Just thinkin' that Nikon brought out the D800 & D800E at (nearly?) the same time, and the D810 was the update to both of those. The D800E was initially said to be without the OLPF; it later came out that it had one but that it was electronically disabled. The D810, if I remember correctly, has no physical OLPF (perhaps other filters in a stack?).

Could it be that Nikon simply found far greater acceptance for the no OLPF design? And are we looking at a similar scenario over time? I've read several posts here and elsewhere that point to a high MP sensor inherently having fewer problems with moire. Hmmm - lots of ifs and suppositions here. The early reviews and tests are going to be of great value in determining which of these bodies fits your needs best.

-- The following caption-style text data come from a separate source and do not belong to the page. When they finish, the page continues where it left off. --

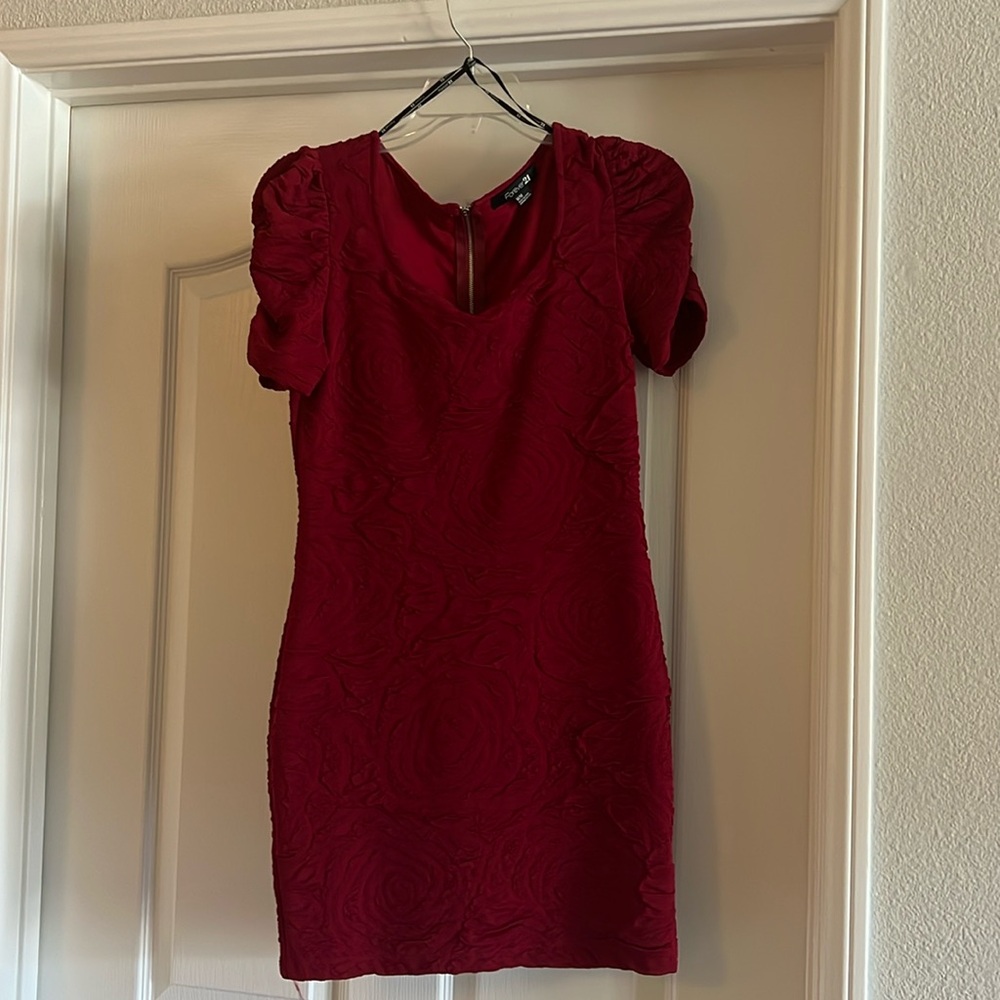 Forever 21 Red Bodycon Mini Dress, Floral Texture Size M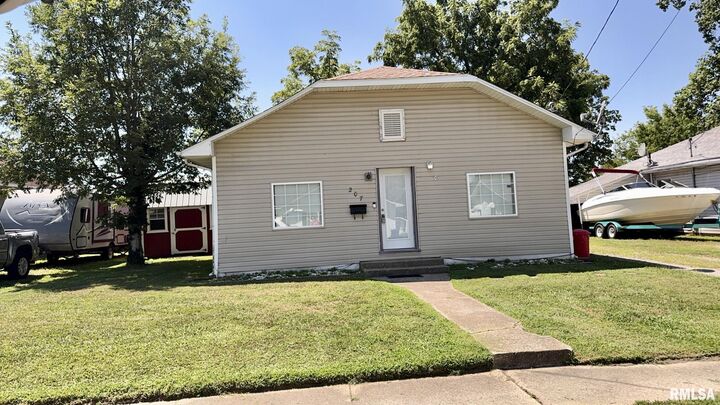 Property Photo:  207 N 7th Street  IL 62812 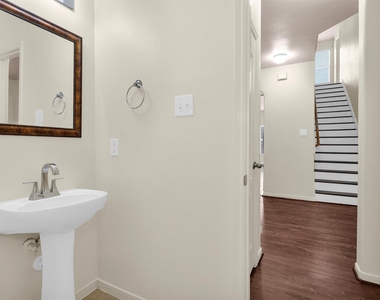 602 Blue Oasis Court - Photo Thumbnail 6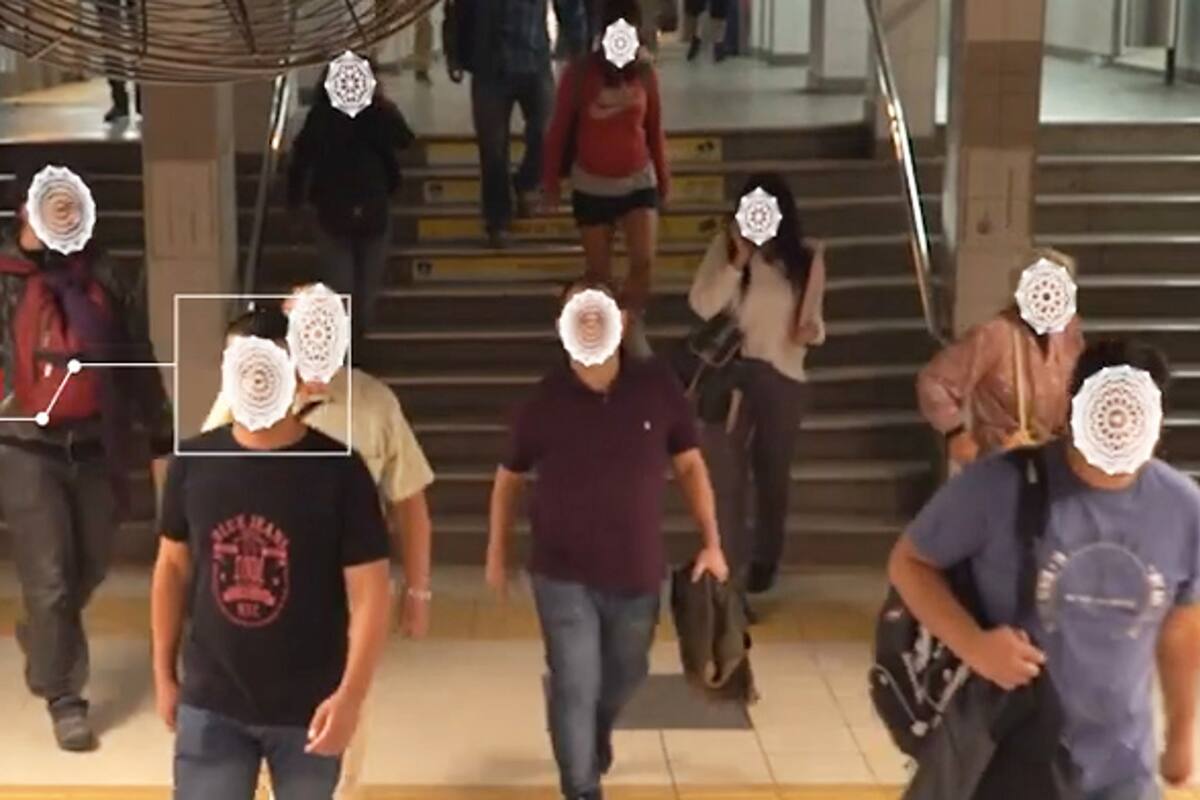 Sistema de identificación facial. Llamado Danaide, y comprado a Rusia, funciona en simultáneo en 300 cámaras de la red de vigilancia pública en la ciudad de Buenos Aires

My pocketbook is really afraid that one of these is going to severely deplete it ;D.


----------



## Famateur (Feb 5, 2015)

*Re: Canon EOS 5DS & EOS 5DS R Press Release*



SwnSng said:


> Famateur said:
> 
> 
> > You know the "dress in the closet" trick, don't you?
> ...



I think it comes with the second X chromosome. With that leg missing (making ours a Y chromosome), perhaps we have to learn such clever cunning from other sources...


----------



## weilin (Feb 5, 2015)

*Re: Canon EOS 5DS & EOS 5DS R Press Release*



> Visible through the viewfinder, the crop modes deliver outstanding results, with stills at 19 MP even when cropped to 1.6x.



Does that mean the image will be magnified in the optical viewfinder in crop mode? Or will the optical viewfinder be "cropped" when in crop mode?


----------



## paulrossjones (Feb 5, 2015)

*Re: Canon EOS 5DS & EOS 5DS R Press Release*

This is the best news I could expect for my needs for a camera. I shoot adverting and I am having to shoot multiple shots together as the file size of the 5dmk3 is not large enough. Often shots get cropped, or a wide shot has to also cover a vertical, and 23mp struggles with this.
Its been a long wait and in the mean time I have purchased a d800, d810, and a sony a7r, none of them came close to the handling and usability of the 5dmk3. both the nikons and the sony obviously had a better file, and had better dynamic range.
but the nikons focus was very inaccurate when the conditions were dark (i.e. shooting at f1.4, 60th, 8000iso). i shot alongside the canon and only the canon could focus. I tested the cameras side by side for two weeks of shooting and the nikon just couldn't focus nearly as well. The colour of the nikons file out of the camera is off as well, the canons was far better as a starting point. This was the opinion of my retoucher who far preferred the canon files.
The sony was just a painful camera to use. The evf is very hard to use as it isn't very detailed- i.e., you can't see the expression of someone you are shooting if they further back full length from the camera. The evf also lags badly and smudges when its dark. The controls are painful as well.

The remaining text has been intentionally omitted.